Out of this world
In Gravity, Sandra Bullock and George Clooney have the worst day ever in space. It’s hard enough for astronauts to contend with Newton’s laws; these two have to grapple with Murphy’s. Everything that can go wrong does.
Their mission, and the movie, begins routinely enough—if the sight of Earth from orbit (for us, in 3-D) can be called routine.
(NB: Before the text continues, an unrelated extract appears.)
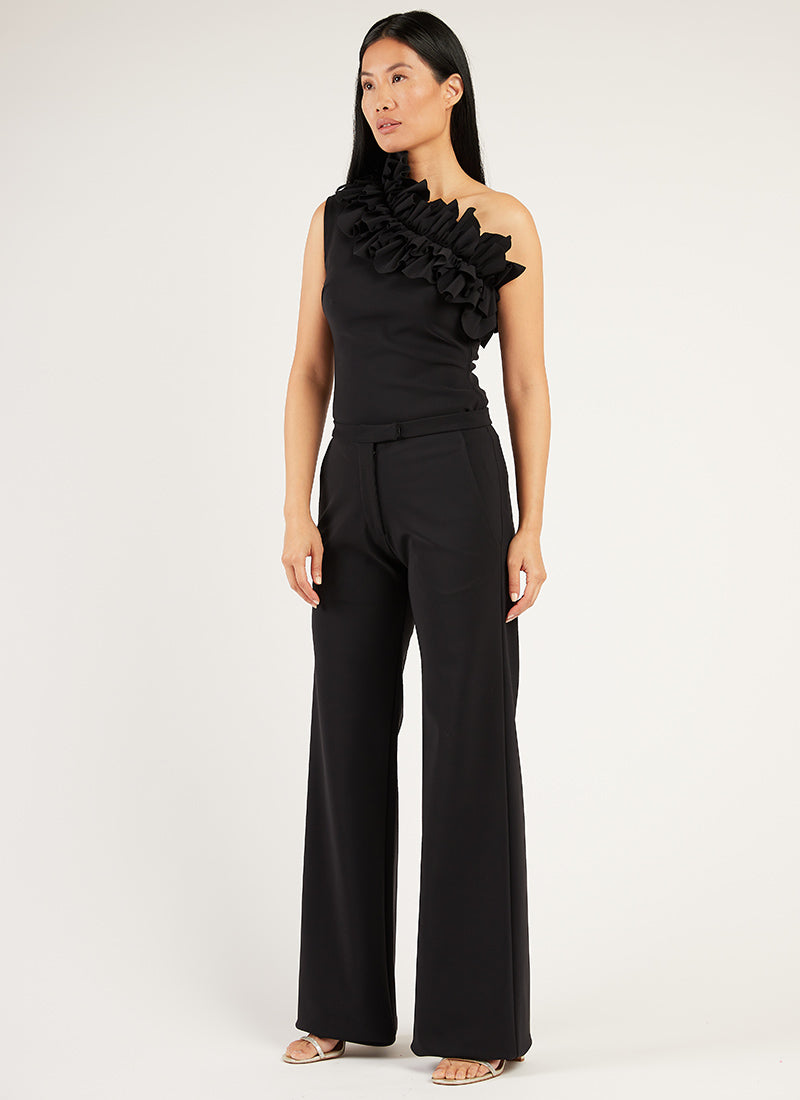 Greta Constantine Bastian Ruffle One-Shoulder Top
Veteran astronaut Matt Kowalski (Clooney) tootles around the space shuttle as it hangs secured to the Hubble Space Telescope, playing with his jet pack, while specialist Ryan Stone (Bullock) bends earnestly over one of Hubble’s circuit modules, doing whatever it is she came up there for.
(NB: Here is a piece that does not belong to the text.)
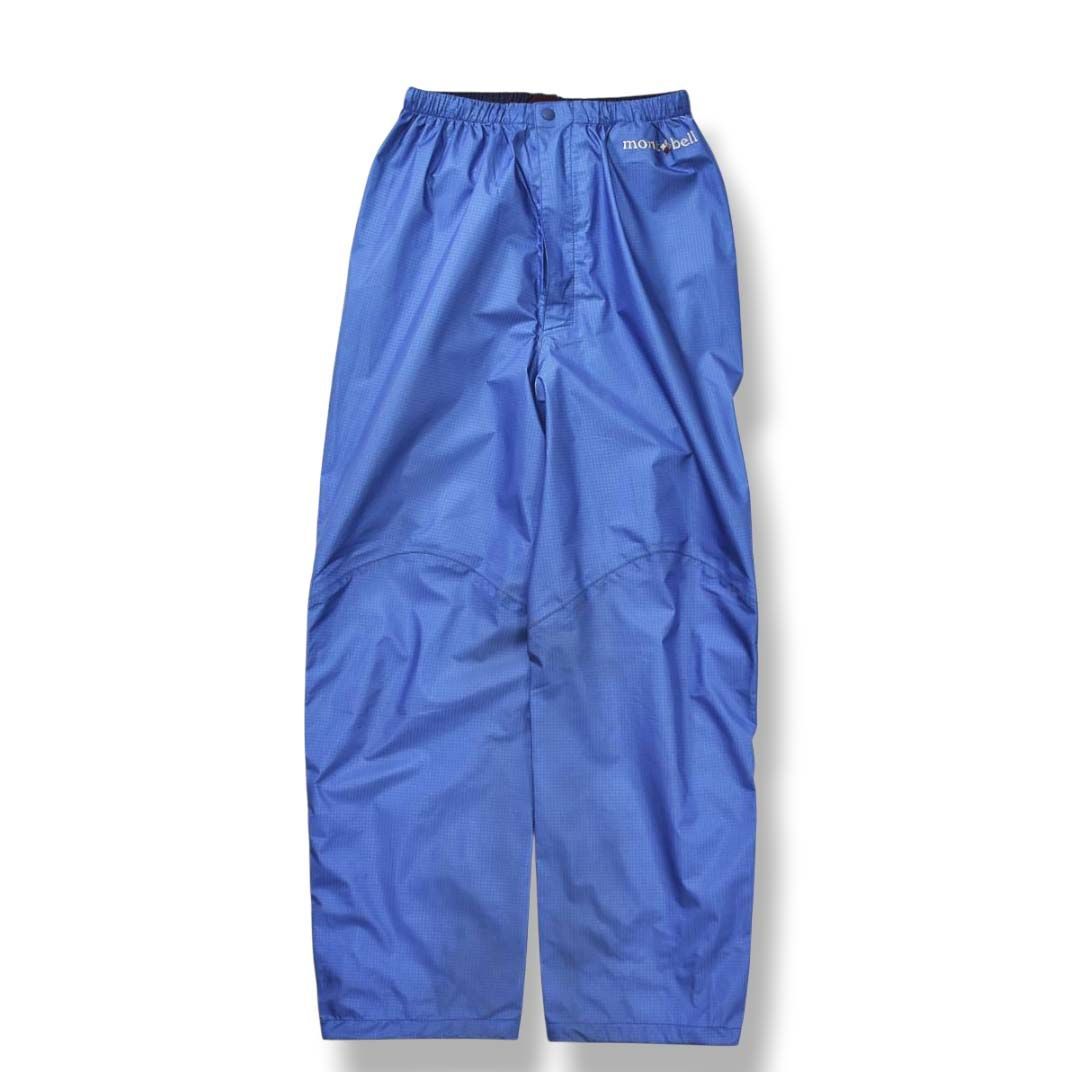 モンベル montbell ゴアテックス GORE－TEX ストームクルーザー パンツ ジップアップ リップストップ ナイロン M ブルー アウトドア タウンユース レジャー レイン ウェア レディース ♪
Kowalski continues to orbit the orbiting shuttle, listening to country music over his communication lines (until Stone politely asks him to shut it off so she can concentrate) and regaling the shuttle crew and Houston with stories they’ve all heard a hundred times. (The voice of Mission Control is Ed Harris, reprising his similar role in Apollo 13—an impish touch by director Alfonso Cuarón, given that Kowalski and Stone are about to face a crisis that will make Apollo 13’s ordeal look like child’s play.) Oh, by the way, Houston tells Kowalski there’s some space debris flying off from a missile strike by the Russians shooting down one of their own spy satellites—but nothing to worry about, it’s in a lower orbit.
Suddenly, the worry meter flies off the high end. That debris has hit other satellites, then others, causing a chain reaction that sends an avalanche of jagged fragments right their way. Houston orders an immediate abort and return to the shuttle, but the rookie Stone delays just long enough that the debris storm hits them before they can return to the shuttle. Her dallying probably saves her and Kowalski from instant death, as the debris all but demolishes the shuttle and kills every other member of the crew.
When the wreckage passes, Stone and Kowalski are alive and safe, but only for the moment. They’re alone in space, with nobody to talk to: The chain reaction has wiped out the communication satellites linking them to Houston. That orbiting debris will come back around in about 90 minutes, so their only hope is to make their way to the International Space Station—hoping it survived the storm that just hit them—and use one if its emergency pods to return to Earth. But the station is a hundred miles away—and their oxygen and the fuel in Kowalski’s jet pack are both running low.
All this is in the first 10 minutes. What happens next, and for the rest of the picture, is something no decent reviewer should dare to spoil. Not to mince words, Gravity is one of the great white-knuckle thrillers of all time. This is the kind of film that pushes suspense to the breaking point and beyond.
Alfonso and Jonaacute;s Cuarón, father and son, have constructed a script as airtight as the pressure suits their astronauts wear, without a wasted syllable and just enough featherlight touches to keep the tension from becoming entirely unbearable—as when the grisly interior of the wrecked shuttle is leavened, ever so slightly, by the sight of a Marvin the Martian bobblehead floating past our eyes. The story is so engrossing that director Alfonso’s virtuosic touches go almost unnoticed, so organic are they to the picture as a whole: the stunning visual effects, the long takes and brilliant camera work (in one amazing shot, the camera glides from space through the faceplate of Stone’s helmet into the suit with her—we hear Sandra Bullock’s natural voice in our ears—then back out into space again).
Bullock’s performance as Stone is Gravity’s centerpiece, and it makes the picture a virtual one-woman show. Like the movie itself, Bullock is brilliant, taking us inch by inch through Stone’s alternating panic, despair, hope and hopelessness in the chaotic struggle to survive. I’m betting that at least one of this season’s Oscar nominations is firmly spoken for.
And maybe others. Will there be a better movie this year? Perhaps. But like what happens to Kowalski and Stone, that’s hard to imagine.